¿Insatisfechos? Pues sí, mucho…
¿Qué tan descontentos estábamos los mexicanos bajo la égida del Partido Revolucionario Institucional? Digo, en los tiempos del antiguo régimen nunca ganaba la oposición, hubo un momento (1976) en que ni siquiera se presentó otro candidato para competir en las elecciones presidenciales, los periódicos te machacaban imparablemente con las frases que profería el líder supremo, personajes de la talla de un David Alfaro Siqueiros llegaron a estar en la cárcel, la economía estaba totalmente controlada por un Estado acaparador, no había libertad de expresión (tampoco lugar para el humor: ningún comediante podía esbozar la más mínima broma sobre la figura del Señor Presidente de la República, bajo pena de afrontar un despido fulminante), las noticias las difundía una cadena te- levisiva declaradamente subordinada al Gobierno, en fin, el aparato gubernamental controlaba la práctica totalidad de la vida pública y, lo peor, se entrometía inclusive en los usos privados al exigir la adhesión de los ciudadanos a sus ridículos rituales y humillantes prácticas.
Desde luego que las sociedades van evolucionando con el paso del tiempo, a pesar de que en ocasiones pareciera que la marcha es hacia atrás (ahí tenemos al inefable Trump, para mayores señas): por ello mismo, la cultura política de los mexicanos, hoy día, es incomparablemente más adelantada. Pero, de manera paralela, los niveles de enojo e insatisfacción que observamos no parecieran guardar una relación ni lejanamente directa con la realidad de los cambios que nuestro sistema democrático ha experimentado en las últimas décadas y que debieran merecer, creo yo, un mínimo reconocimiento por parte de quienes se han beneficiado de las transformaciones.

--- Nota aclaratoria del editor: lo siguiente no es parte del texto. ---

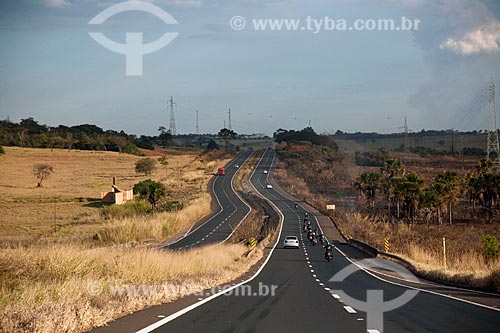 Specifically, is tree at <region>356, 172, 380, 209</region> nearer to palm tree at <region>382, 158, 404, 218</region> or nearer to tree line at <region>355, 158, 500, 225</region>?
palm tree at <region>382, 158, 404, 218</region>

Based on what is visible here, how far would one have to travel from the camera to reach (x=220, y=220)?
3098 inches

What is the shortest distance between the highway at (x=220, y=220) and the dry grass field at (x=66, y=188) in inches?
152

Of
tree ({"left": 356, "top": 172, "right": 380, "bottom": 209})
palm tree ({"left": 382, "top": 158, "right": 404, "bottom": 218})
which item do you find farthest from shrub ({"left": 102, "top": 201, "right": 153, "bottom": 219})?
palm tree ({"left": 382, "top": 158, "right": 404, "bottom": 218})

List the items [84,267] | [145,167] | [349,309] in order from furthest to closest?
[145,167], [84,267], [349,309]

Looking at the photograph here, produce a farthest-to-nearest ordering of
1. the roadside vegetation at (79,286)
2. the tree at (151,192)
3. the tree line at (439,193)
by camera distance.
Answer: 1. the tree at (151,192)
2. the tree line at (439,193)
3. the roadside vegetation at (79,286)

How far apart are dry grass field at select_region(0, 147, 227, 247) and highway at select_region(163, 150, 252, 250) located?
12.7ft

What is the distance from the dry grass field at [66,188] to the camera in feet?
164

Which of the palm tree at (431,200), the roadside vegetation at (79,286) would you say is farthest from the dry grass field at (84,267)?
the palm tree at (431,200)

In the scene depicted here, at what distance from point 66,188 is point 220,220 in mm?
23554

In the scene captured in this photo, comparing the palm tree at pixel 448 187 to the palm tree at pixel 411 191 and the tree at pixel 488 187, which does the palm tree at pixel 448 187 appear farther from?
the tree at pixel 488 187

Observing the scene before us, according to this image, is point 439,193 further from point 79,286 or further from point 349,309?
point 79,286

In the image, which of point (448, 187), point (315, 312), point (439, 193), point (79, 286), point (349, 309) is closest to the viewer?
point (79, 286)

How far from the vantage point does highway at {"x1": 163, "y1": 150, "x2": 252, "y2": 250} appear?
5839 cm

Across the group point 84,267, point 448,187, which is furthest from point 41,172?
point 84,267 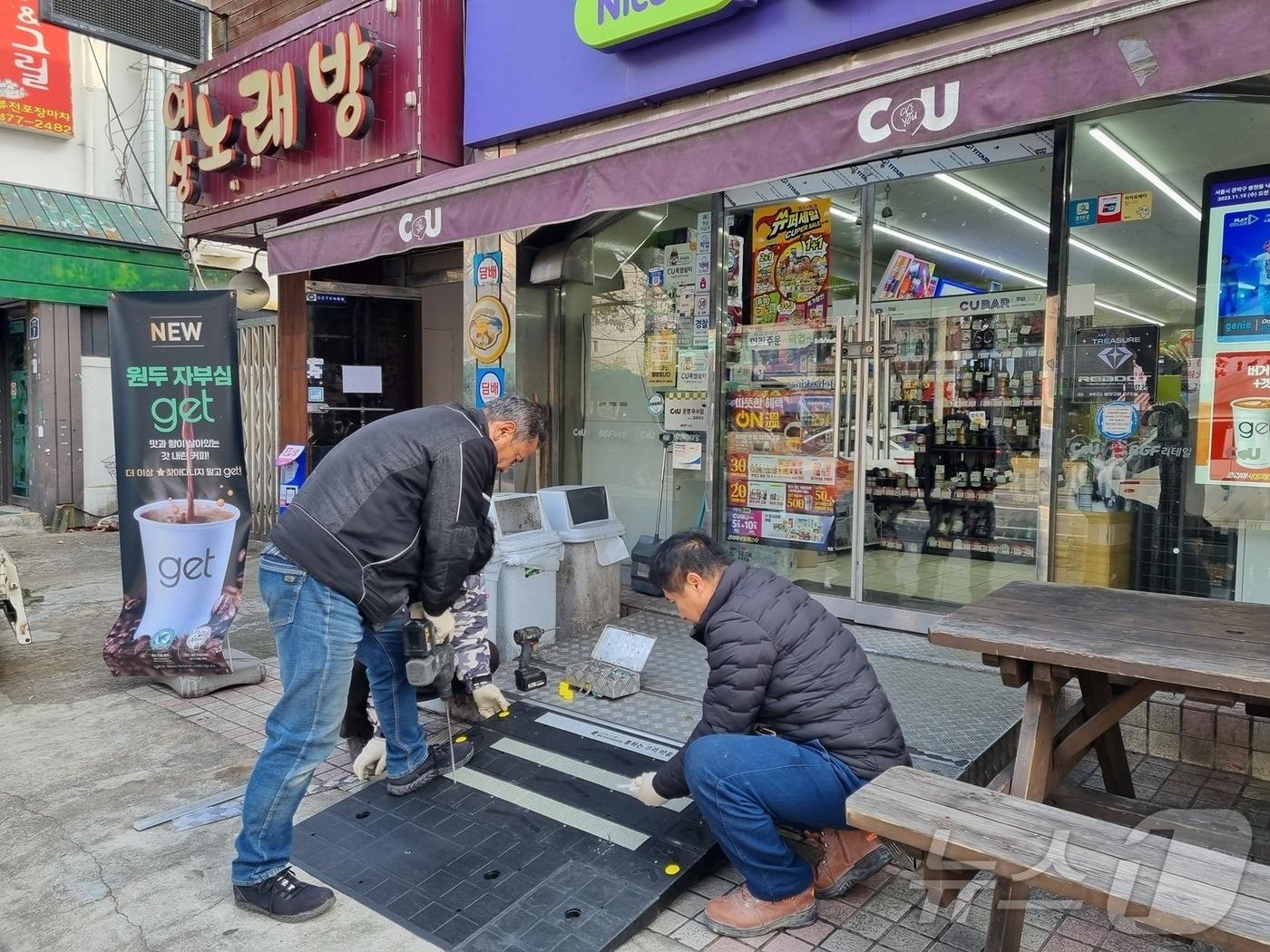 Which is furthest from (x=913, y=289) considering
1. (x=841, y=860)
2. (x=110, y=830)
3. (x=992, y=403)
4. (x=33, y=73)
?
(x=33, y=73)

¿Qué está pasando? El problema, en parte, resulta de un fenómeno consignado por Ricardo Lagos, el ex presidente socialista chileno, en una entrevista al diario El País: por un lado, los jóvenes latinoamericanos no guardan memoria de aquellas épocas en que los regímenes autoritarios suprimían las libertades. Y, en segundo lugar, satisfacer a las nuevas clases medias de nuestras sociedades es muy caro: sus exigencias son complejas de origen (aunque su disposición a la crítica, por lo visto, es total).
Naturalmente, estaríamos mucho menos enfadados si no hubiera tanta corrupción. ¿En verdad es tan costoso combatirla?